Friday, November 09, 2007

THIRTEEN THURSDAY -- SUPERSTITIONS

THIRTEEN THURSDAY -- SUPERSTITIONS

I’m a day late, but I did want to keep the momentum going.

Thirteen Thursday is a list of 13 items relating to one subject. I hope you enjoy.

1. Cane – in the days when students were subject to punishment by strokes of the cane, it was widely held that a single strand of horsehair laid across the palm would cause the cane to disintegrate.

2. Eagle-stone – a hollow oval of clay ironstone, which was once credited with magical powers. Brought to the west from the Orient in the seventeenth and eighteenth centuries, such stones were reputedly recovered from the nests of Eagles. It was said that wearing eagle-stones as amulets would ease the pain of childbirth. Records show some women wore them tied to the thigh during labor as far back as the thirteenth century, though the practice more or less died out in the British Isles in the early nineteenth century.

3. Flying Ointment – This magical ointment, said to be made of fat of babies, blood of bats, soot aconite, hellebore, hemlock, and belladonna, was supposed to give witches the power of flight when they smeared it all over their bodies.

4. Hand of Glory – The hand of an executed criminal. It was prized ob witches throughout Europe as part of black magic. Thieves also valued its alleged ability to make the occupants of a house fall into a deep entranced sleep while they went about their nefarious business.

5. Iona stone – A small greenish stone found on the shores or western Scotland and believed to have the power of granting wishes. The story goes that such stones received a blessing from St Columba and grant one wish to each anyone who wears them.

6. Knee – according to English superstition, and itching knee means that the person concerned will shortly be kneeling in a strange church. The U. S. variation says it is a sign of the owner being jealous of someone.

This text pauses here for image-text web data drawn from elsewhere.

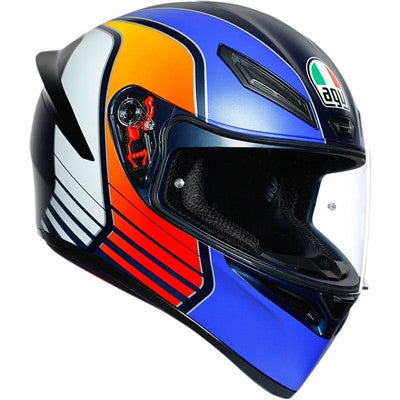 AGV Power K-1 Full Face Helmet - Blue/Orange/White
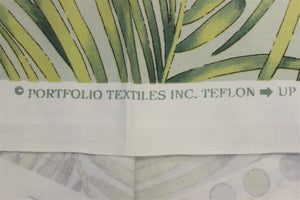 Vintage Portfolio Textile w/ Palm Frond Pattern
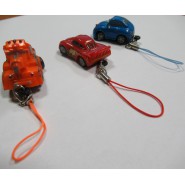 COMPLETE SET 3 Mini Figure 3cm Characters Cars Sally Mater Lightning McQueen Danglers Keyholder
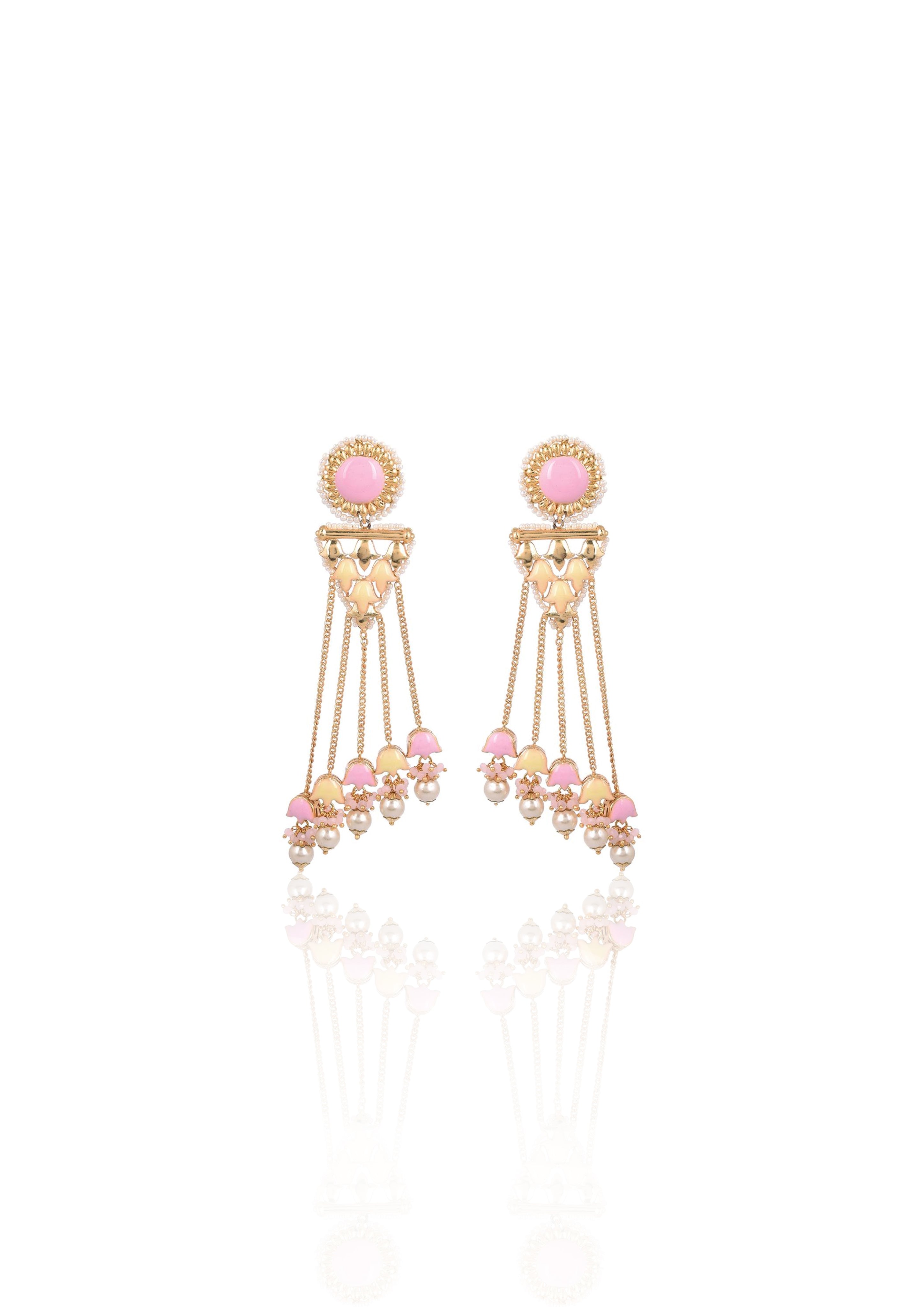 Artisan Jannat Earrings – Handmade with Premium 22K Gold Details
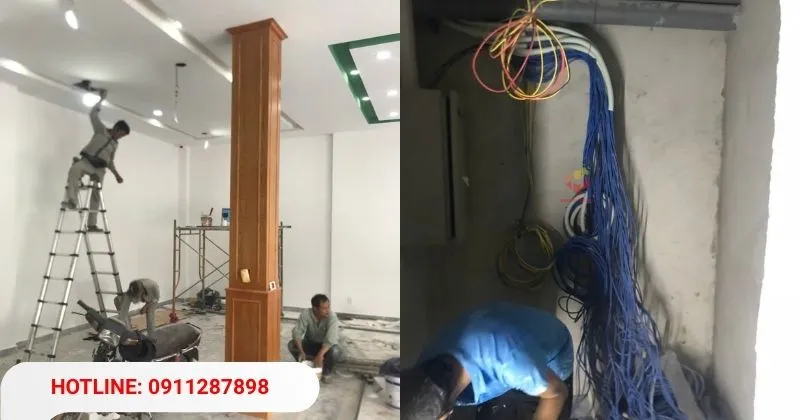 Thi công điện nhẹ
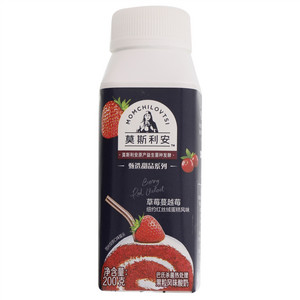 光明莫斯利安巴氏杀菌热处理风味酸奶（草莓蔓越莓纽约红丝绒蛋糕风味）200g
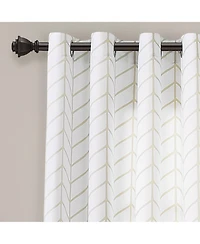 Calia Chevron Geo Window Curtain Panels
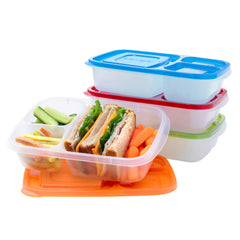 Bentgo Easyboxes frontal conjunto mostrando set de cuatro loncheras reutilizables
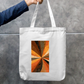 Sunburst Tote Bag Zipper Tote Bag by @rd_digital_store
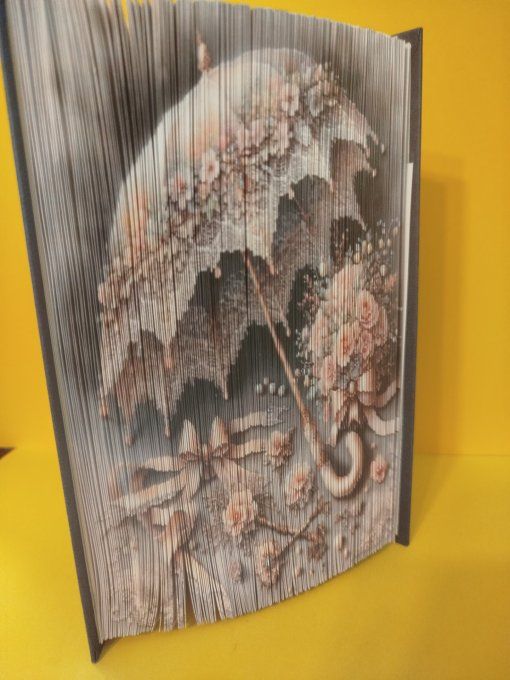 Ombrelle fleurie ( méthode strip)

7. Lips – a common superstition on both sides of the Atlantic holds that itching lips are a sure sign that the owner will shortly receive a kiss.

8. Moonwort – a favorite of thieves as it supposed to open locks and loosen nails and other fastenings of iron. A single leaf of the plant inserted into a lock would open the door.

9. Nipple – According to one central European superstition, certain information about a man may be obtained by careful observation of his nipples. If they are pink, he has never fathered a child, but if they are brown, he has already sired offspring.

10. Ox – In parts of eastern England the superstition holds that eating the animal’s spinal cord can make a person go deaf.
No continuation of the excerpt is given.